Realities of drug addiction

The Truth About Drugs.


The Warren County Criminal Justice Advisory Board (CJAB) is working to educate the public about the realities of drug addiction. In particular, the group is hoping to help medical professionals understand the problems and learn ways they can help.

Dr. Carl Sullivan, director of West Virginia University’s addictions program, will speak at a CJAB event to be held from 6 to 9 p.m. Thursday, Oct. 13, at the Warren Holiday Inn.

The event is open to the public and CJAB members hope people who need to know how to help a family member or friend with an addiction, those who want to know why it was so difficult for someone they know to overcome their addiction, or why people with addictions do the things they do. It is appropriate for people who need “to know how vicious this disease is,” Youngsville Borough Police Chief Todd Mineweaser, a CJAB member, said. “The first step is education.”

Educating the public is part of that beginning. Another part is educating those with the power to limit the number of prescription medications in circulation.

“If we can get people who can write a prescription to think more before they write it…” Mineweaser said.


Some people who sell drugs go to doctor after doctor and pharmacy after pharmacy picking up prescriptions and drugs, he said.

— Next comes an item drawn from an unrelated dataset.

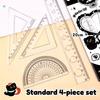 4-Piece Set Transparent Plastic Rulers Straight Rulers Protractors Set Square Kawaii School Stationery Kid Math Stationery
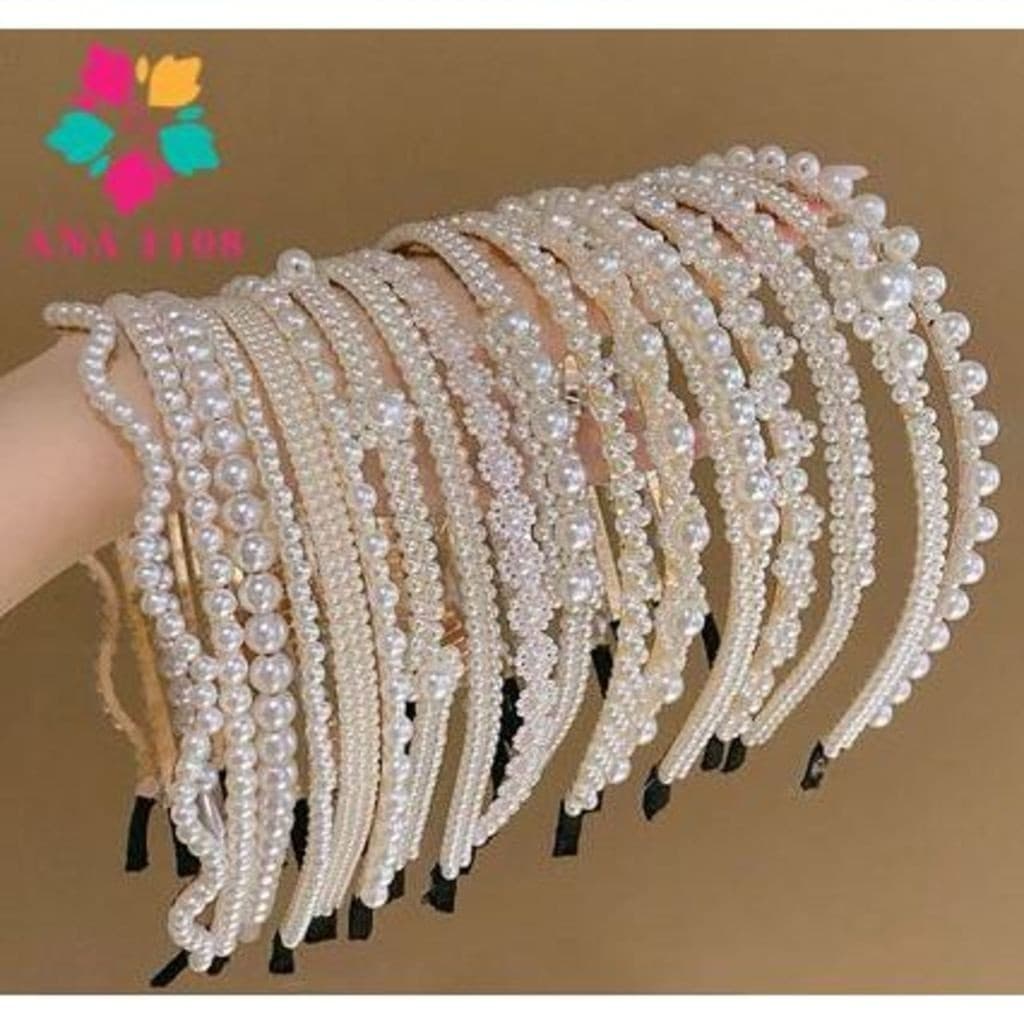 DAGUAN KIT 10PCS Tiaras Delicada Feminina Pérola Luxo Arco Cabelo（10 modelos diferentes）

Mineweaser suggested that doctors, if they were made aware of the severity of the prescription drug abuse problem, could in some cases prescribe lower doses, fewer pills and eliminate refills.

That’s where Sullivan comes in. “He’ll give some hard core facts to them,” Mineweaser said. “He’s going to talk about these opiates – side effects, alternatives.”

“I think what we’re trying to do is wake up the medical community,” Warren County Commissioner and CJAB member Terry Hawk said. “They can effect a change we can’t.”

The group was not blaming the medical professionals for the problem. Communication between different groups is often a major part of the problem. Forest-Warren Human Services Director Mary Kushner said Warren General Hospital is working to simplify those kinds of operations by bringing everything together in one computer system.


Doctors who don’t have specialized training in addiction often don’t understand the severity of the problem, a member said.

“A lot of people don’t understand how powerful these drug addictions are,” Mineweaser said. “We want to share with them how potent this life-changing addiction is. It ruins families. It destroys lives.”

Sullivan’s efforts will be complemented by presentations made by others during the Truth About Drugs event.

An officer of the court is expected to speak on the frequency that drug-related cases come through the court system and the seriousness and impact of those cases.

Also, recovering addicts will give personal testimonials.


“Somebody who has been an addict… can share the truth: how hard it was, what they went through, what their family went through,” Mineweaser said.

Hearing the Truth About Drugs might help friends and family members know how to help a loved one with a problem or help someone at risk understand the dangers of drugs.

Beacon Light is providing the financial support that makes the event possible, Mineweaser said, and Warren General Hospital is also behind the effort.

“If we can get people better educated, we might be able to help Warren County out,” Mineweaser said. “We’re not going to stop it, but we can put a huge dent in it.”